Data excerpts:
[Start of section]
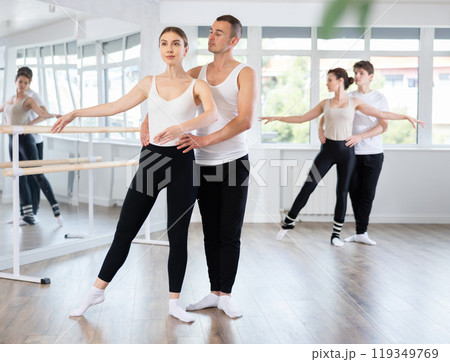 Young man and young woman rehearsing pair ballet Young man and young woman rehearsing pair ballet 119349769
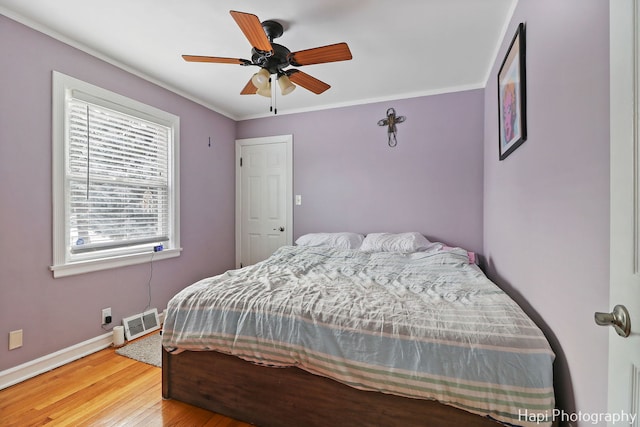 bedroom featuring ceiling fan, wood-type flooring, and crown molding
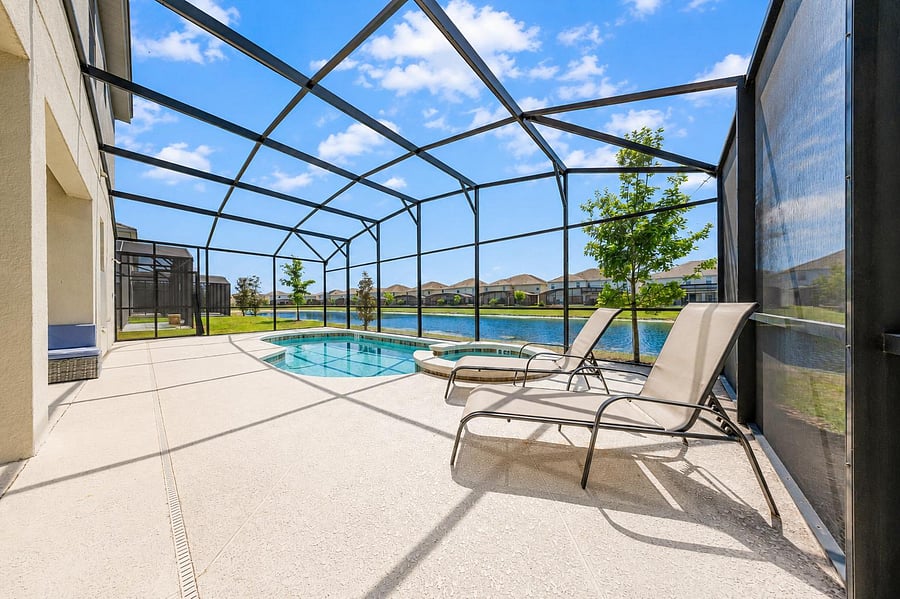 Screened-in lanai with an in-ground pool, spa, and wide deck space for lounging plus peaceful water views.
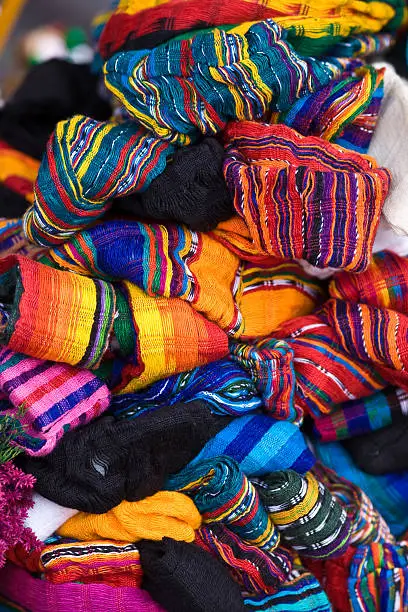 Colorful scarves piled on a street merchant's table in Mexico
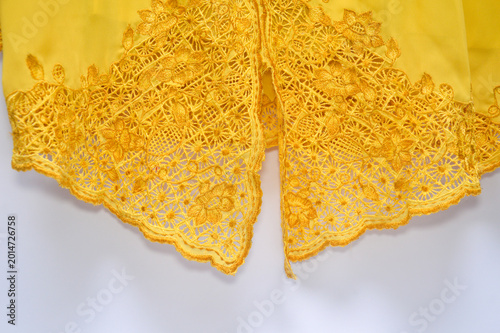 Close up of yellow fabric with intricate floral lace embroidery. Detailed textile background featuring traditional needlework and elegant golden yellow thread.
[End of section]
▶ _Problem statement_: Take the lines from the first line of the entries through the line with "Colorful scarves piled", inclusive, and give them again exactly, minus any pictures.

▶ _Result_:
 Young man and young woman rehearsing pair ballet Young man and young woman rehearsing pair ballet 119349769
 bedroom featuring ceiling fan, wood-type flooring, and crown molding
 Screened-in lanai with an in-ground pool, spa, and wide deck space for lounging plus peaceful water views.
 Colorful scarves piled on a street merchant's table in Mexico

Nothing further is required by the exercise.